Cardiac monitors – wrong patient name

There is a new alert from the patient safety organization, ECRI. They advise healthcare professionals to be alert to the risks of improperly identified cardiac monitors. Here is what happens. A patient in an intensive care unit or a telemetry unit is hooked to a cardiac monitor. A nurse or technician watches the monitor for potentially serious irregular heart rhythms. The nurse takes action when these show up on the monitor. In several instances, the wrong patient was hooked up to the monitor. This left the patient who needed the monitor without this critical observation. If the wrong patient is monitored, the staff may be too late in recognizing a serious heart rhythm. Several patients have died.

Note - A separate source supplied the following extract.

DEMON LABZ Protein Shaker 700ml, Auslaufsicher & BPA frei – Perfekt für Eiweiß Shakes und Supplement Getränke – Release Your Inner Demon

How does this monitoring error happen? These are some of the factors.

  • not following procedures
  • not receiving orientation to the procedures
  • not identifying the patient correctly
  • not communicating within the healthcare team
  • inexperience
  • distractions
  • machine failures
  • equipment not available

Here is ECRI recommended healthcare providers do:

  • Confirm the identity of the patient using two identifiers, such as name, birth date, or patient identification number.
  • Use systems to confirm that the right receiver is attached to the right patient.
  • If more than one cardiac monitor is being watched at a central monitoring area, the monitor has to be labeled with the patient identifier. Two staff should confirm the correct labeling.

Here is what you can do:
If your family member or friend is admitted to a nursing unit, talk to the physician about the medical plan. Ask if the patient is supposed to be on a cardiac monitor. Confirm that the monitor was set up. (You will see this in the patient’s room.) If so, look at the monitor in the patient’s room to see if the name is correctly displayed on the monitor.